An encoder-decoder architecture is a framework commonly used in machine learning and neural networks, especially for tasks that involve transforming input data into a different format or representation. This architecture is primarily employed in sequence-to-sequence (seq2seq) tasks, where the input and output are both sequences. The architecture consists of two main components: the encoder and the decoder. The encoder processes the input data and compresses the information into a fixed-size context vector, which serves as a summary of the input. On the other hand, the decoder takes this context vector and generates the output sequence step by step.

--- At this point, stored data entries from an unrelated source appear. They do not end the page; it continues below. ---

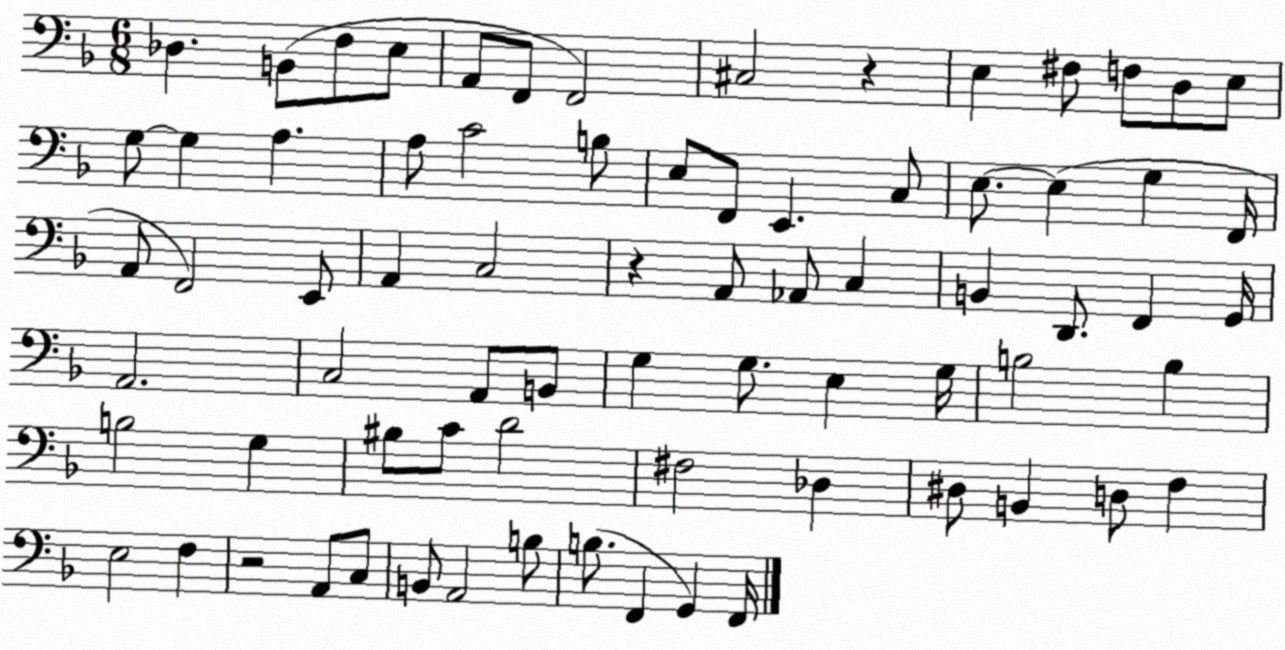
X:1
T:Untitled
M:6/8
L:1/4
K:F
_D, B,,/2 F,/2 E,/2 A,,/2 F,,/2 F,,2 ^C,2 z E, ^F,/2 F,/2 D,/2 E,/2 G,/2 G, A, A,/2 C2 B,/2 E,/2 F,,/2 E,, C,/2 E,/2 E, G, F,,/4 A,,/2 F,,2 E,,/2 A,, C,2 z A,,/2 _A,,/2 C, B,, D,,/2 F,, G,,/4 A,,2 C,2 A,,/2 B,,/2 G, G,/2 E, G,/4 B,2 B, B,2 G, ^B,/2 C/2 D2 ^F,2 _D, ^D,/2 B,, D,/2 F, E,2 F, z2 A,,/2 C,/2 B,,/2 A,,2 B,/2 B,/2 F,, G,, F,,/4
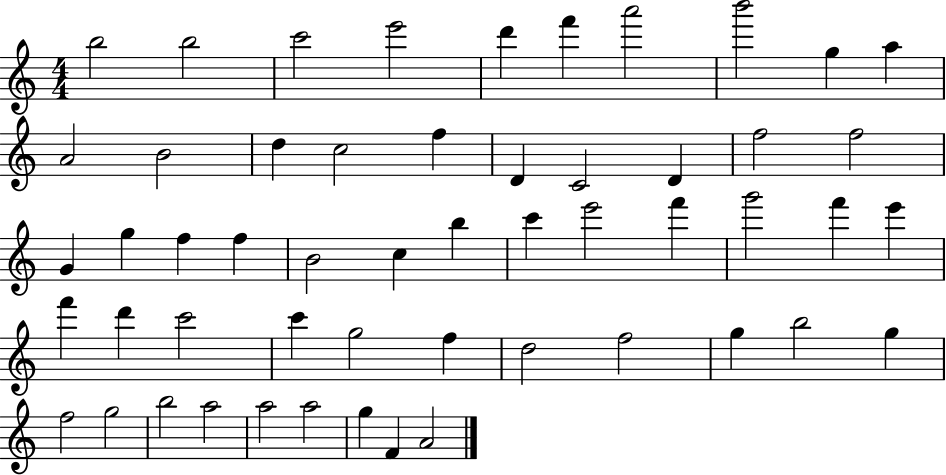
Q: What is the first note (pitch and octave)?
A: B5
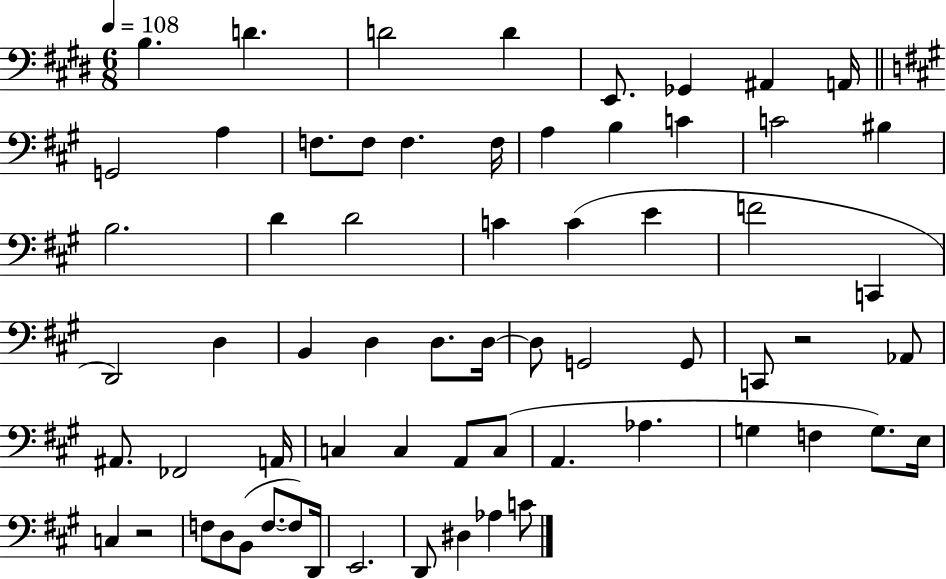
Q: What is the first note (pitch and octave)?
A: B3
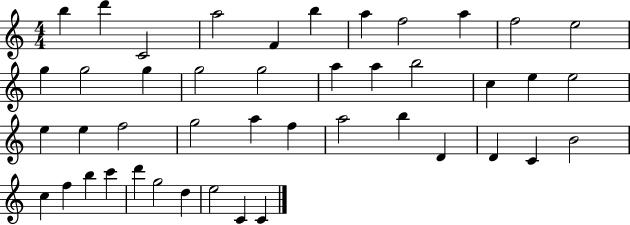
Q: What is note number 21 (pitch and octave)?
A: E5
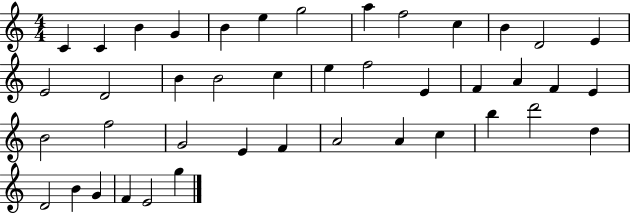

In practice, the encoder is typically implemented using recurrent neural networks (RNNs), long short-term memory networks (LSTMs), or more recent approaches like gated recurrent units (GRUs) and transformer models. For example, in a machine translation task, the encoder reads a sentence in the source language and transforms it into a context vector that captures its meaning. The decoder then generates the corresponding sentence in the target language, word by word, based on the information provided by the encoder. This two-step process enables the model to handle complex transformations between different types of sequences.
The encoder-decoder architecture can be extended in various ways. For instance, attention mechanisms are often integrated to allow the decoder to focus on different parts of the input sequence at each decoding step, rather than relying solely on a single context vector. This improvement helps in better handling longer sequences and enhances the quality of the generated output. Applications of this architecture extend beyond language translation to other areas such as image captioning, text summarization, and speech recognition, making it a versatile tool for developers working with neural networks.